Заговор Сатаны. Исповедь контрразведчика (Белый) - страница 208

В Алма-Ату я полетел только 3 марта (из-за непредвиденных обстоятельств), побеседовали с Кунаевым, и, должен признаться, что встретил он меня хорошо. После беседы в кабинете, мы проехали в Толгарский район, потом вернулись на ночлег под Алатау. 6 марта я военным самолетом вылетел в КНР, разумеется, согласовав это все с китайской стороной. Сопровождавшие 2 истребителя КНР меня «подхватили», едва я пересек советско-китайскую границу. Из аэропорта Пекина я уже ехал на правительственном (КНР) автомобиле и сразу в загородную резиденцию Мао Цзе Дуна, там находился и Чжоу Энь Лай. Встреча прошла, как и всегда, радушно и тепло.

Поговорили о смене генсека СССР, чем Мао Цзе Дун, по виду, был доволен.

Хотя здесь же оговорился, что он просмотрел по печати все выступления прошлых лет после XX партсъезда ВКП(б) и не видит разницы в ревизионистском психозе между Брежневым и Хрущевым.

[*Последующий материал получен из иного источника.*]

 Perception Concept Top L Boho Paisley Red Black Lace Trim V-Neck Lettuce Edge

— Посмотрим, — сказал Мао Цзе Дун, как в русской пословице говорится,

«Толкач муку покажет», по ранее поощряемой моде Хрущевым не все пойдут.

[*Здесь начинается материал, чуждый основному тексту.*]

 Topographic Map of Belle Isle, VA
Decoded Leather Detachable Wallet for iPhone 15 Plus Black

Хотелось бы, чтобы Брежнев пересмотрел фальшивую позицию антисталиниста Хрущева и превратился в государственника сталинского образа. Конечно, так работать, как мог Сталин, никто не сможет. Сталин — это самородок, у него одного ума хватало на 100 человек. Помню мою первую встречу со Сталиным в Кремле, — продолжал товарищ Мао, — когда Сталин 2,5 часа продержал меня в приемной. Хотя ему раз пять докладывали, что я сижу и жду приема, но он вышел и как бы случайно меня встретил. Хитер был Иосиф Виссарионович, показал нам, восточным людям, свою кавказскую мудрость. При знакомстве с ним, когда я назвал себя и сказал, что я являюсь председателем коммунистической партии Китая, мои слова перевел переводчик. Сталин тут же с удивлением ответил, что он не знает такой партии в Китае, не знает никакой, кроме мелкобуржуазной, а сам посмеивается в свои густые усы. Я вынужден был, — вспоминал Мао Цзе Дун, — вынуть свой партийный билет и показать ему. Вообще это была проверка Сталина и уточнение, кто же к нему приехал с протянутой рукой, когда вы после войны сами голодные. Потом он на приеме был совсем другим. Это была действительно личность громадного человека, революционера-коммуниста! Потом мы уже хорошо друг друга знали. И вдруг Хрущев какой-то объявился на этом свете, прежде и слова против не говорил, а мертвого избил до синяков! — как можно так безобразничать?

В КНР я пробыл ровно сутки, обо всем, что было надо, успели переговорить.

А мы уже, как старые знакомые, говорили откровенно без дипломатических уловок и фальши. А 7 марта, вечером, я уже был в Чимкенте, а это значило дома.